Print the data exactly as written, line for line, and leave its pictures behind.

- [Given records]
====

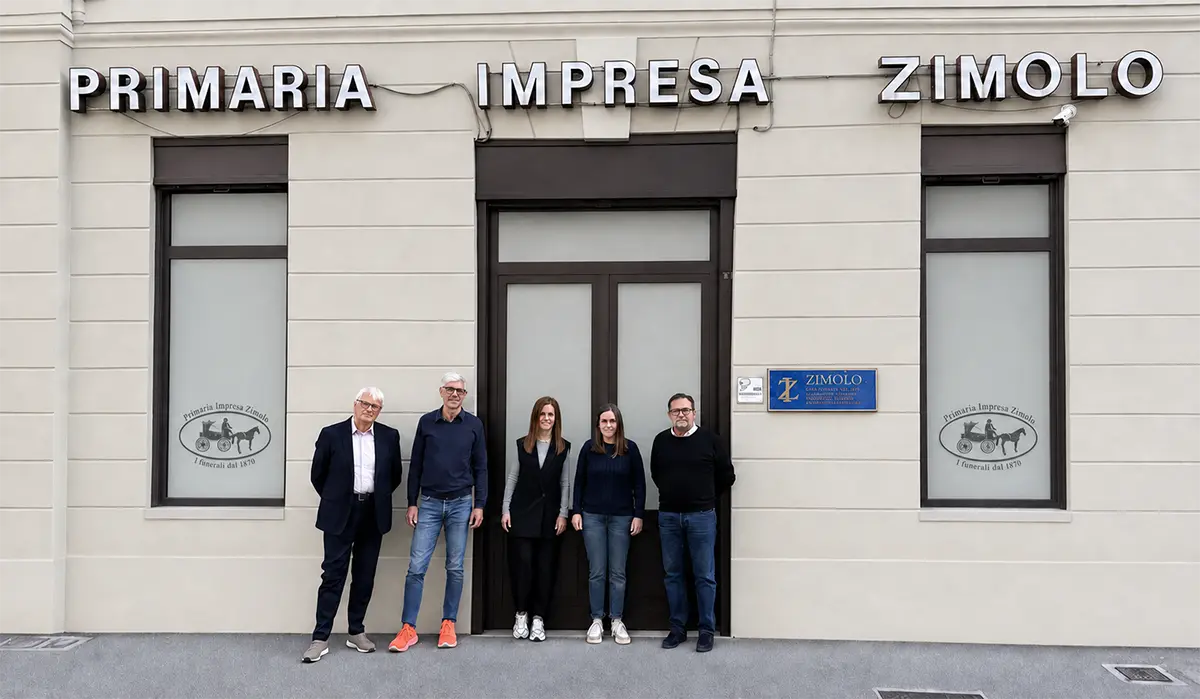 Impresa Funebre Zimolo, 150 anni di storia.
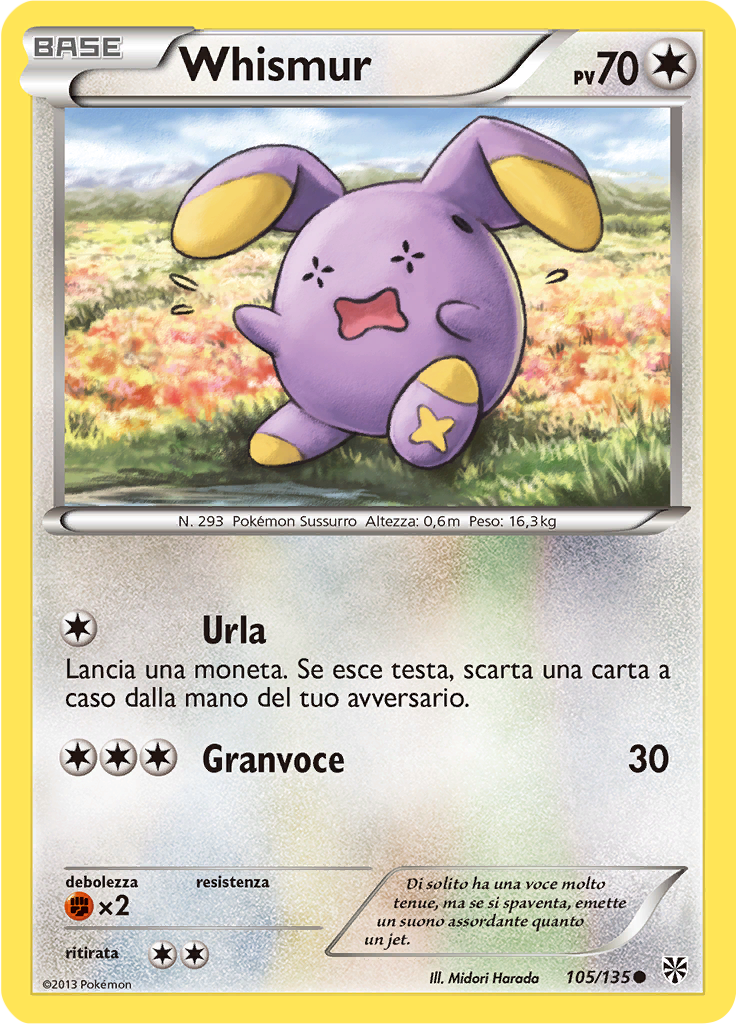 Whismur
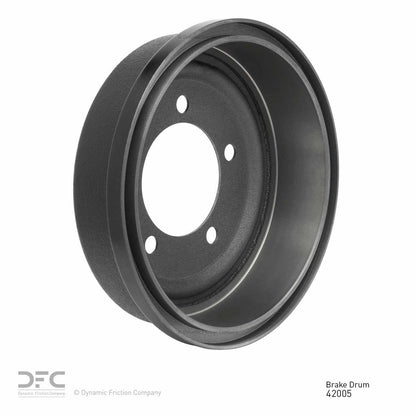 Dynamic Friction Company Brake Drum 365-42005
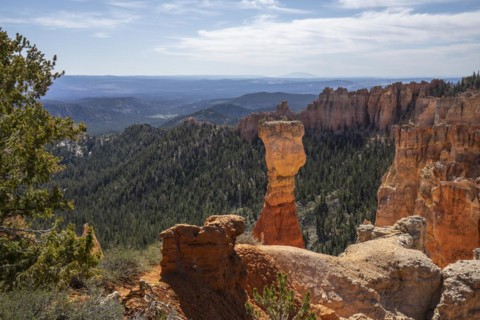 Rocks at Agua Canyon Overlook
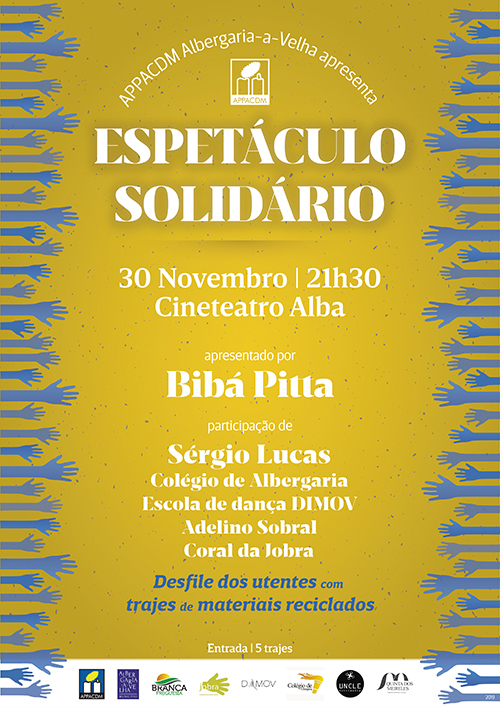 Cartaz Espetaculo Solidario APPACDM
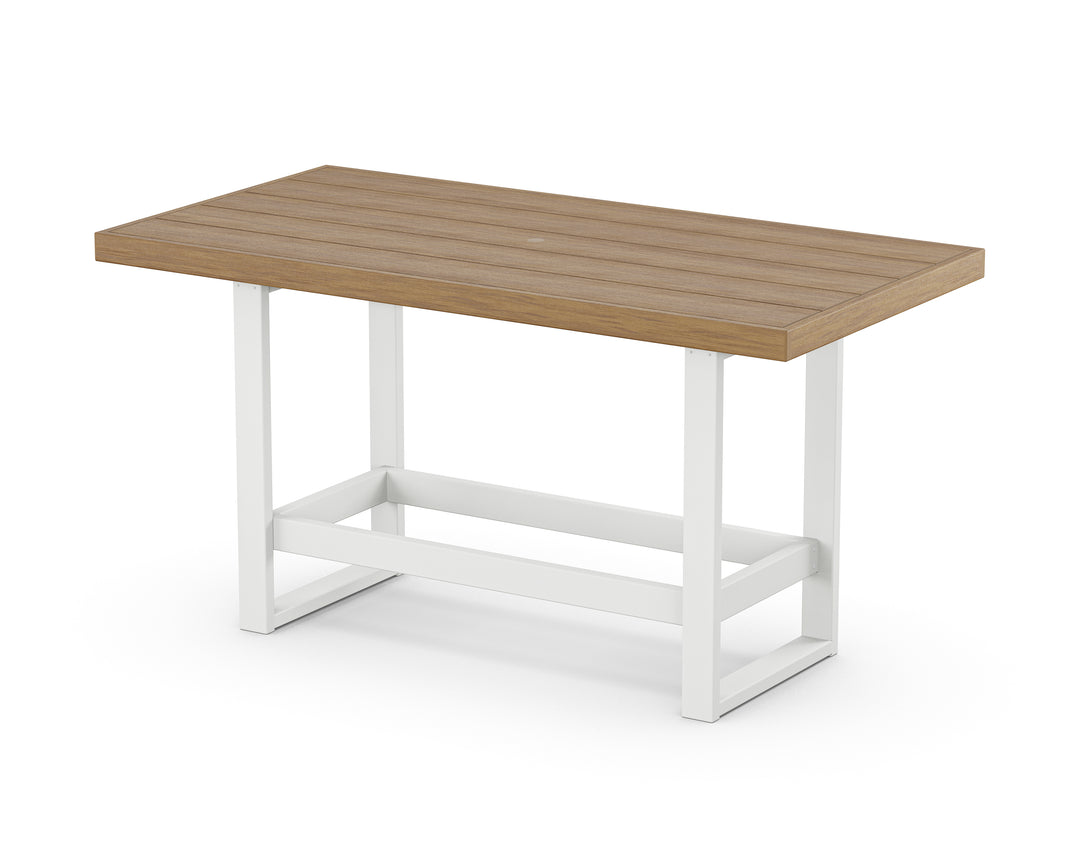 POLYWOOD® EDGE 40" x 78" Bar Table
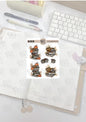 P 43 - libri - planning - book lover -book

====

- [Exercise response]
 Impresa Funebre Zimolo, 150 anni di storia.
 Whismur
 Dynamic Friction Company Brake Drum 365-42005
 Rocks at Agua Canyon Overlook
 Cartaz Espetaculo Solidario APPACDM
 POLYWOOD® EDGE 40" x 78" Bar Table
 P 43 - libri - planning - book lover -book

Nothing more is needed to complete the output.